Аналогия фигур крестьян и вил, воткнутых в землю, указывает на одну из композиционных формул всей работы: два крайних зубца вил аналогичны по форме силуэтам крестьянских фигур. Крестьяне уподобляются вилам, эталонному орудию сбора урожая. Вилы воткнуты в землю, и крестьяне изображены «воткнутыми», вросшими в землю, подобно деревьям и подобно этому орудию труда. Композиционные параллели вил и фигур людей указывают также на особую значимость пространства между ними, той центральной зоны, из которой в изображении вил вырастает центральный зубец и рукоять. Именно здесь находится пространство молитвенной концентрации.
Зритель. Зритель как речевой партнер проходит все уровни постижения сюжета произведения. От видения сцены крестьянского труда в поле зритель приходит к осознанию сакральной сущности изображенного события.
Зритель говорит с произведением искусства на объект-языке жанра бытовой сцены и жанра исторической религиозной живописи. Синтезирование этих объект-языков дает возможность прозрения способов взаимодействия быта и бытия, достигнутого в мире крестьян.
Знание объект-языка Библии, иконографии мирового искусства и объект-языка стилевого направления реализм, на котором созданы иконические сообщения, посылаемые произведением, дает зрителю возможность самостоятельно приблизиться к следующим образовательным открытиям.
Звук благовеста и молитва, связанная с темой Благовещения, позволяют рассматривать эту сцену как принятие благой вести, как Благовещение в новой иконографической редакции. От традиционной иконографии здесь присутствуют: зона энергетического напряжения, пространство-пауза, представляющее божественное невыразимое ничто и все, наполненное предзакатным свечением того часа, когда Деве Марии явился Архангел. Кроме того, в пространстве «между» имеется традиционное для сцены Благовещения изображение плода (корзина с плодами земли), намекающего на совершающееся зачатие – начало душевного спасения. Имеется изображение птиц, символизирующих в сцене Благовещения Святой Дух, нисходящий на Деву Марию.

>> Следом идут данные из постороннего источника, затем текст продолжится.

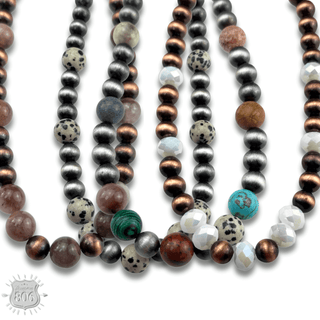 Burnished bead and stone necklace - LC - Boutique Bella BellaNecklaces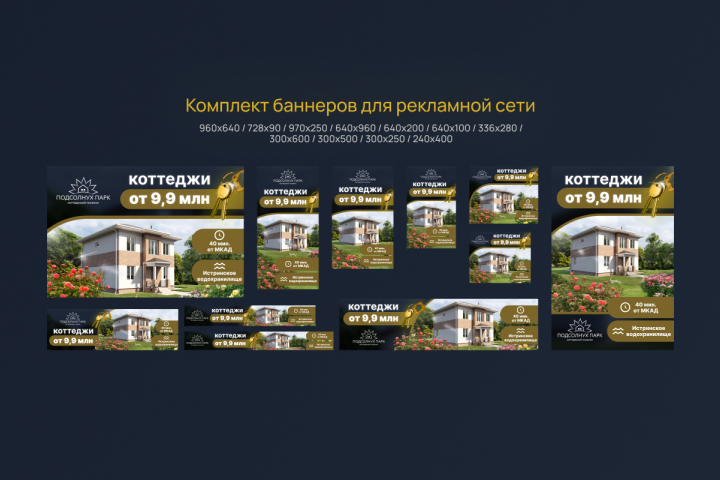 Дизайн комплекта баннеров для рекламной сети яндекса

Реалистическая концепция искусства, принятая Милле, допускала расширение изобразительных форм визуализации религиозных сюжетов. Не строгое следование академическому канону, а обнаружение священных событий в каждодневном бытии является законом живописи реализма.
Иконографическая редакция священного события, предпринятая произведением Ж.-Ф. Милле, создает такую концепцию принятия благой вести, где принимающей является крестьянская семья, мужчина и женщина, чья жизнь неразрывно связана с землей, сотворенной Господом, что делает их постоянно слитыми с творением. Благую весть принимают молящиеся, т.е. те, кто направляют свои помыслы, равно как и свои деяния, к божественному своему происхождению и к размышлениям о судьбе своей души. Физическая деятельность изображена как принятие даров Творца земного мира, подобно тому как и вся человеческая жизнь, как на то указывает текст молитвы, есть постоянное принятие плоти своей как дара Творца. Общение с дарами природы воспитывает в изображенном человеке-крестьянине подобное отношение и к своей жизни. Труд оборачивается священнодействием. Выстраивается модель принятия благой вести в праведной повседневности.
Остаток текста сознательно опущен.